Records for the task START

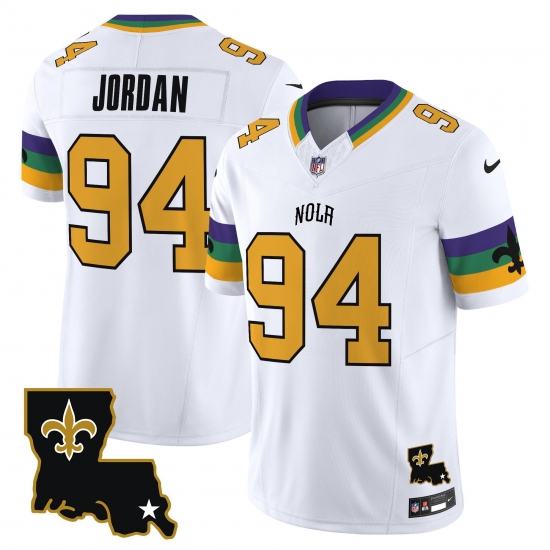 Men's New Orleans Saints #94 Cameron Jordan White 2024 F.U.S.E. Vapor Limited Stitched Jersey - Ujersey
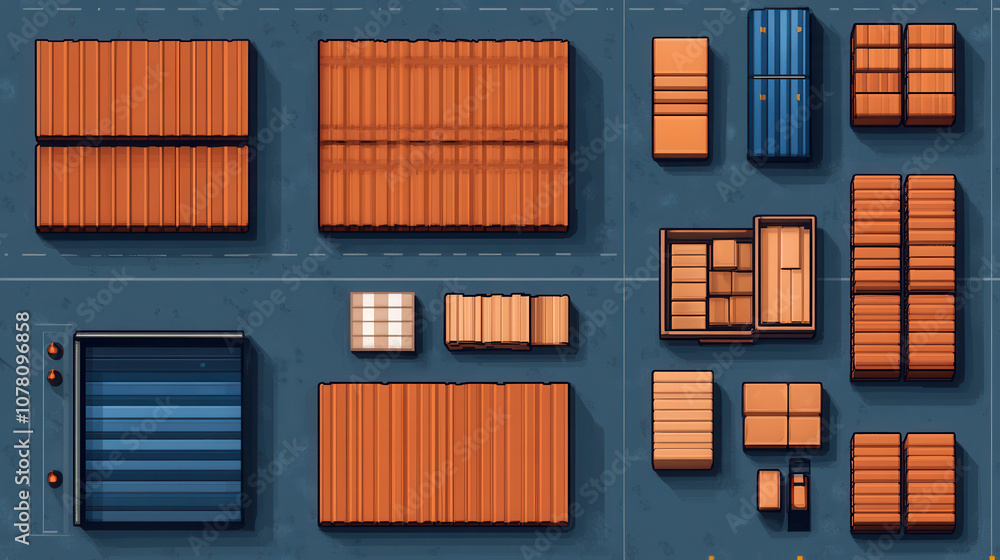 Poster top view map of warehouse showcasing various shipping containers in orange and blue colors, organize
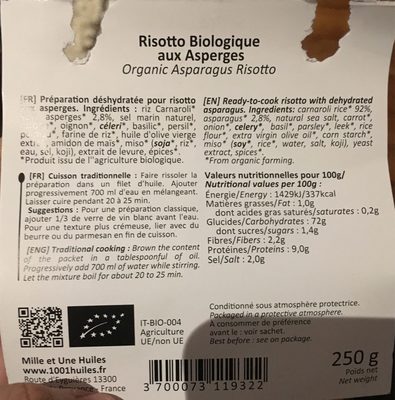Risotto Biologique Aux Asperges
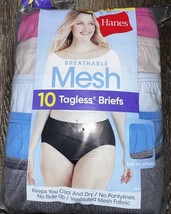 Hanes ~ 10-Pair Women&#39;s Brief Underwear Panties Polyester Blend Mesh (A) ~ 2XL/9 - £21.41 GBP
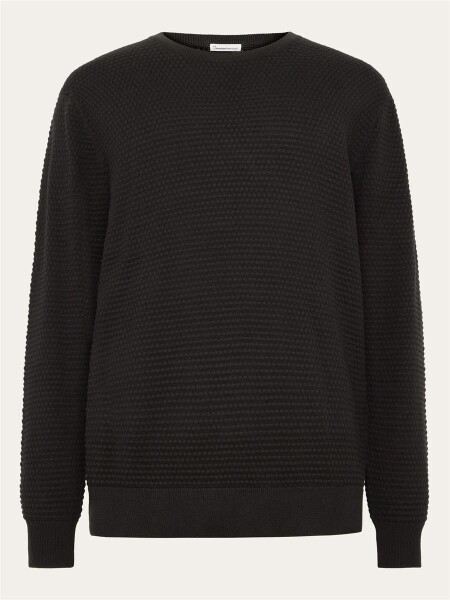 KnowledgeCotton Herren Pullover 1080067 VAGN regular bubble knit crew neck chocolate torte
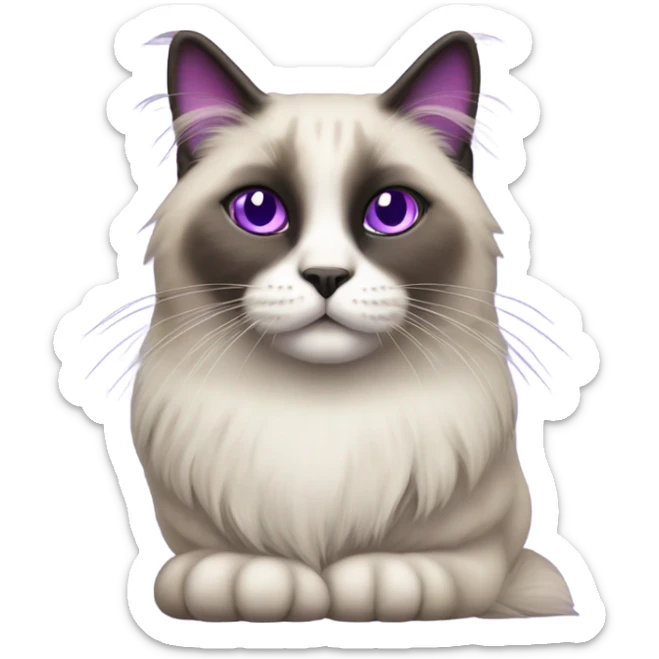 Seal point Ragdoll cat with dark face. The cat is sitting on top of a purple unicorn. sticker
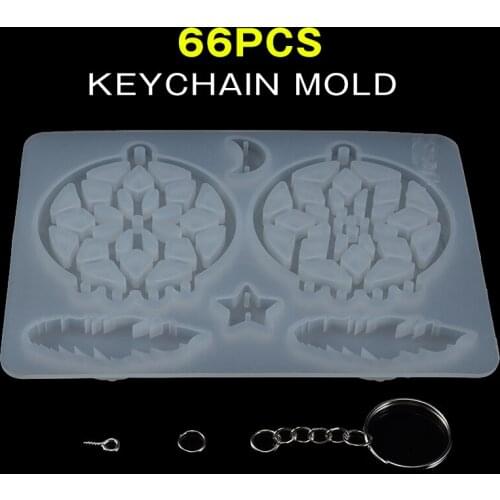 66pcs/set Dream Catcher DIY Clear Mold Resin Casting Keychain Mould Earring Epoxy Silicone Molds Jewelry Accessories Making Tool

Records for the task END

Once you reach the line containing "Risotto Biologique Aux Asperges", print it and every line after it exactly, through the end of the entries, without any pictures.

* Your solution
Risotto Biologique Aux Asperges
 Hanes ~ 10-Pair Women&#39;s Brief Underwear Panties Polyester Blend Mesh (A) ~ 2XL/9 - £21.41 GBP
 KnowledgeCotton Herren Pullover 1080067 VAGN regular bubble knit crew neck chocolate torte
 Seal point Ragdoll cat with dark face. The cat is sitting on top of a purple unicorn. sticker
 66pcs/set Dream Catcher DIY Clear Mold Resin Casting Keychain Mould Earring Epoxy Silicone Molds Jewelry Accessories Making Tool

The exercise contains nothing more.